Gonzalo Rojas Sánchez
Los chilenos somos duros de mollera y, además, tenemos mala memoria histórica: hemos hecho tantas leseras que probablemente no queremos ni acordarnos de buena parte de ellas.
Pero, por todo lo que dicen las encuestas y las entrevistas, parece que el efecto del 18 de octubre sobre las neuronas y sobre los recuerdos no ha sido menor. En efecto, la insurrección violenta está muy presente; todavía late en nuestros espíritus su siniestro tamtam, aunque hayan pasado ya cinco años de ese devastador big bang.
¿Qué lecciones o conclusiones pueden sacarse, con la perspectiva del lustro transcurrido?
Se leen decenas de análisis, y no es sorpresivo que así sea: desde octubre de 2019 a marzo de 2020 Chile fue un laboratorio público, y el experimento ha arrojado resultados que son casi ciencia exacta. Veamos entonces algunos, solo en el plano de la violencia, partiendo de lo más abstracto a lo más terriblemente sangriento.
En primer lugar, hay que situar esa violencia en su contexto teórico. Alguna fue de matriz anarquista, otra de inspiración trotskista o leninista, pero que las tesis de Laclau y Mouffe operaron también desde su aparente moderación, no cabe ninguna duda. ¿Cuántos fueron los profesionales jóvenes, los universitarios e incluso los secundarios que, embriagados de deseos por llenar con sus agravios el famoso “significante vacío”, se lanzaron a las calles, en unos u otros momentos, para demoler al “neoliberalismo opresor”? Yo al menos me acuerdo de uno, bien simbólico: Gabriel Boric. Y con él, miles y miles.

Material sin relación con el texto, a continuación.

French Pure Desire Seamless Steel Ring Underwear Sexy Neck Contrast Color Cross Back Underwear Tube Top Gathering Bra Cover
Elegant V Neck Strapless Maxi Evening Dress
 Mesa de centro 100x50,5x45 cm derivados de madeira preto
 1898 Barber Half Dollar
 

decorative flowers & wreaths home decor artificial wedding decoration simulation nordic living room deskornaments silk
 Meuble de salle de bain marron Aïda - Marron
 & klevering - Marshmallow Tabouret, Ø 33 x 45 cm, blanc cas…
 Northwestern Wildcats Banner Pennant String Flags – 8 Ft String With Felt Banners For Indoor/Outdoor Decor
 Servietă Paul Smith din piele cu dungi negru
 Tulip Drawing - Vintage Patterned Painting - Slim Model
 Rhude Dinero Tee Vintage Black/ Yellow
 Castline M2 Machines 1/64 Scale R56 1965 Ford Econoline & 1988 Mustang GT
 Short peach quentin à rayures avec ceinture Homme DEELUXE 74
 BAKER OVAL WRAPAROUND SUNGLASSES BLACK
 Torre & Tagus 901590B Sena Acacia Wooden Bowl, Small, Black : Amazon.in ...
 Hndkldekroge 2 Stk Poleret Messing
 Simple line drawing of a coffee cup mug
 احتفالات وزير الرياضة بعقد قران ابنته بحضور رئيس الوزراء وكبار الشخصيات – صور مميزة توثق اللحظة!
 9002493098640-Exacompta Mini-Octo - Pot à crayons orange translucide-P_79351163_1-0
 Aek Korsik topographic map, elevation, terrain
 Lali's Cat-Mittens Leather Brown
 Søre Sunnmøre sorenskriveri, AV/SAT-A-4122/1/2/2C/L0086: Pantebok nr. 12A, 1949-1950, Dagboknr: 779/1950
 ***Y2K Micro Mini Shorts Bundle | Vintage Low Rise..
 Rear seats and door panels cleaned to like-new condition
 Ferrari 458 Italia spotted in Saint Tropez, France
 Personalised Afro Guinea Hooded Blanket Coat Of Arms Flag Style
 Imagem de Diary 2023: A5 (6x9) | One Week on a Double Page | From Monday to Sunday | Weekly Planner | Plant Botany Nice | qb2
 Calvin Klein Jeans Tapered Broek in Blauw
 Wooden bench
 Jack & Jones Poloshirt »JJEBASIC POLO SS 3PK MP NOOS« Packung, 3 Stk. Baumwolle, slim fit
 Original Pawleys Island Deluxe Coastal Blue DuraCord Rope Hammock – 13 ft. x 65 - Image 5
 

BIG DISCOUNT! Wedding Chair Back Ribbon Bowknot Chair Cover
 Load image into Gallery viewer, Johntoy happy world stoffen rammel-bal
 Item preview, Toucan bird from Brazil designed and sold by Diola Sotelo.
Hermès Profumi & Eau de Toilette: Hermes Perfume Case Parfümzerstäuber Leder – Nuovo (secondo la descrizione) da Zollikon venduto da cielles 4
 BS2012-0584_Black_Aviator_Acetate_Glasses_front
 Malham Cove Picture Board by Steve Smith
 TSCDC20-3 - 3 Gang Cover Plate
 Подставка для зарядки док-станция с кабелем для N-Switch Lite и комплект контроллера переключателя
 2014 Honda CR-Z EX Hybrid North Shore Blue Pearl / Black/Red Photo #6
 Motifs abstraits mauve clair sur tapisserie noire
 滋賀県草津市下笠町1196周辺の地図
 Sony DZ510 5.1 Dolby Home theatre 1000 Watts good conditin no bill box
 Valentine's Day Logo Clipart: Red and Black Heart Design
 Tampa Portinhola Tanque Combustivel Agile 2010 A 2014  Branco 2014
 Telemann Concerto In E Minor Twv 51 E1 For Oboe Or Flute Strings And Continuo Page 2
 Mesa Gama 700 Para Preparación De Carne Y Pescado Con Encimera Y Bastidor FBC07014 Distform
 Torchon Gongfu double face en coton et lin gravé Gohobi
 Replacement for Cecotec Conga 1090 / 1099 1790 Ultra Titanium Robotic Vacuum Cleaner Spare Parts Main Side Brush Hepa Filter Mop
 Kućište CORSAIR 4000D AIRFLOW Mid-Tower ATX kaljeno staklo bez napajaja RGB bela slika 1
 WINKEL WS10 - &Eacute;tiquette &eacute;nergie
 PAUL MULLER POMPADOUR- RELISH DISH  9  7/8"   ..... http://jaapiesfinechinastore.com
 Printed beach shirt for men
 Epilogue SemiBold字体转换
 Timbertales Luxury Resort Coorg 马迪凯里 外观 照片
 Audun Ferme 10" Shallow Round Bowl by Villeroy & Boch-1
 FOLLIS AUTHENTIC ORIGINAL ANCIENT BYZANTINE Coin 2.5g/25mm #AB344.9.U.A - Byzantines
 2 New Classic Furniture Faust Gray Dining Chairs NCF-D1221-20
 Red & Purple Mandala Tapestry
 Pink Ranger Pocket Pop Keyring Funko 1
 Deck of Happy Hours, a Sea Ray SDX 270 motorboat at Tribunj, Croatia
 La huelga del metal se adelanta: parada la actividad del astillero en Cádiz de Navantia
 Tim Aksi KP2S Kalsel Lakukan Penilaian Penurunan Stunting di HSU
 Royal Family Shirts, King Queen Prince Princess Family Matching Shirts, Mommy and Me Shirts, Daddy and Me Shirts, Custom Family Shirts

Primera lección: vamos a tomarnos en serio a Laclau y Mouffe.
Una segunda consideración resulta casi ofensiva para los mayores de 60, pero la maravilla del drama humano es que las generaciones se renuevan a una velocidad tan grande que hay que explicar una y otra vez lo mismo, pero a gentes diversas. Y esa repetición consiste en hacer presente algo sencillo y terrible: una buena parte de las izquierdas está siempre dispuesta a usar la violencia física, sin límites.
Ni la ética —el bien de cada persona— ni la política —el bien común— fueron obstáculos para que, en esos meses terribles de hace cinco años, el objetivo de aquellas izquierdas solo pueda ser descrito con sustantivos indeseables: destrucción, destitución, aniquilación, muerte. Para eso, como en 1946, y en 1949 y en 1957, esas izquierdas articularon la más eficaz combinación de liderazgo intelectual con lumpen de primera línea. Y esta vez, además, contaron con el apoyo del internacionalismo proletario, bajo la forma de la solidaridad bolivariana.
Y no puede quedar fuera de nuestra consideración una tercera conclusión, quizás la más novedosa: la evidencia de que, por la vía del hecho noticioso grotesco, una minoría violentista empujó a profesionales de la comunicación a rendirse, cautivados ante la noticia extraordinaria. Y fueron precisamente esos comunicadores quienes mediaron entre la violencia y la protesta, conduciendo irresponsablemente a enormes multitudes hacia la inicial aceptación del “quemémoslo todo”. Y el fuego era real.
Fue, en efecto, el mundo al revés: una violencia detestable se convirtió en noticia elogiable y pasó, por efecto de la difusión reiterada, a ser marea multitudinaria, al menos por unos días. Hubo, por lo tanto, mucha violencia discursiva en los matinales y en los noticiarios, en radios y en redes manejadas por profesionales de la información, quienes, por semanas, fueron activistas de la subversión.
No son tres violencias distintas. Son solo tres matices de una misma perversión, tres dimensiones de un mismo propósito: había que destruir la democracia. Y estuvieron muy cerca.
Nota: Este artículo fue publicado originalmente por El Mercurio el miércoles 16 de octubre de 2024.